Reference no: EM132669736
Elliott Led operates a road maintenance company. Consider the following information.
1. Your firm has just been appointed auditor of Elliott at its annual general meeting. During your planning of the audit, you notice that Elliott is an unlisted public company and its directors do not consider it to be a reporting entity. Elliott has prepared special-purpose financial reports for the past 5 years. It has significant bank debts and is required to lodge audited accounts with its bankers within 90 days of year-end.
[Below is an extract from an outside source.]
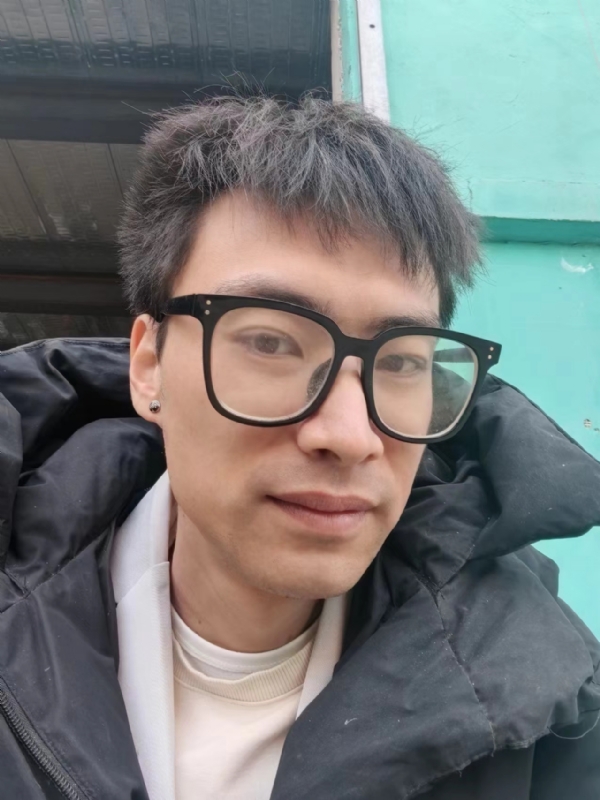 爱有来生、的第一张照片--政和征婚网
2. Elliott recently won a substantial contract to perform road maintenance work for the Queensland government for the next 3 years. As a result of winning the contract, to meet the increased demands and satisfy the specialised nature of the work for the government, Elliott purchased additional machinery. The machinery has an expected life of 10 years.
3. Elliott is also involved in the manufacture of backyard water tanks. A revolutionary process developed a couple of years ago has enabled Elliott to build a tank far superior to any of its competitors, at half the price. It has therefore dominated the market over the past few years. However, you recently read a weekend newspaper and saw an article previewing Elliott's main competitor's new tank. It is made of a new material called Lycrafon, will be superior to Elliott's tanks, and cost 25% less.
Required
Problem (a) Discuss why each of the three situations represents a risk.
Problem (b) Identify the main account or group of accounts affected by these risks and how the specific aspects of the audit plan would be affected by these risks.